Even when it is apparent and planned for a protest to occur peaceably, that isn't good enough for those who wish to punish the protestors. "After careful planning and training, nine members of the NAACP Youth Council — Meredith Anding, Samuel Bradford, Alfred Cook, Geraldine Edwards, Janice Jackson, Joseph Jackson, Albert Lassiter, Evelyn Pierce, and Ethel Sawyer — attempt to use the white-only Jackson public library on March 27. They sit quietly at different tables reading books that are not available in the "colored" library. When the nine refuse to leave, they are arrested for "Disturbing the Peace"."

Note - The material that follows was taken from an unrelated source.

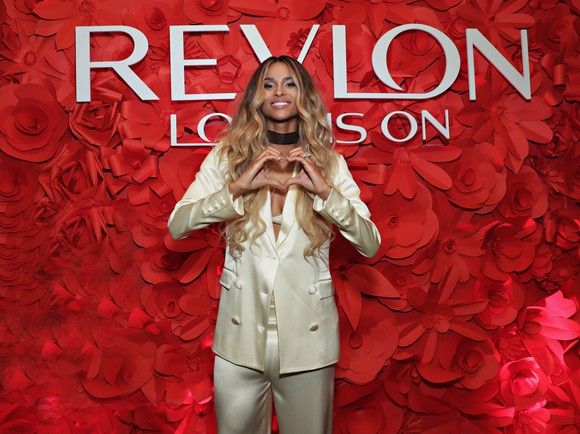 The singer Ciara standing in front of a heart made of flowers and a Revlon sign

Additionally, there is this: "During the next few days images of children being blasted by high-pressure fire hoses, clubbed by police officers, and attacked by police dogs appeared on television and in newspapers, triggering international outrage." Apparently, young people being attacked has become a blame-the-victim situation in the Great US of A.


Again, how poignant that such historical events should so closely match the goings-on of today's protestors and the police that arrest them. One wonders if it is a matter of using what they believe works, or if it is lack of creativity, or even lack of any REAL actions available, that causes the established system to use the same tactics over the course of an entire century.


Secondly, I am going to approach this from a legal/constitutional aspect. The question being: At what point does a legal ordinance or local law be held above the rights granted in the Constitution.

The answer, in the Constitution itself, is as follows: "This Constitution, and the laws of the United States which shall be made in pursuance thereof; and all treaties made, or which shall be made, under the authority of the United States, shall be the supreme law of the land." For those who do not speak "legalese," that means NEVER. The local laws are to maintain peace under NORMAL, everyday situations. They do not have the authority to trump the 1st Amendment rights of the Constitution... unless the established system refuses to perform their duties appropriately and Constitutionally.

Well, this is embarrassing. I had believed that this section would require more searching and interpretation, making it longer. But that's pretty cut'n'dried, so I guess I'll move on.


Thirdly, I am going to approach this from a psychological aspect. Now I could go into the psychology of groups, mobs, officials, etc., but you can look up that stuff for yourself. What I want to focus on is the psychology of MORALITY and ETHICS.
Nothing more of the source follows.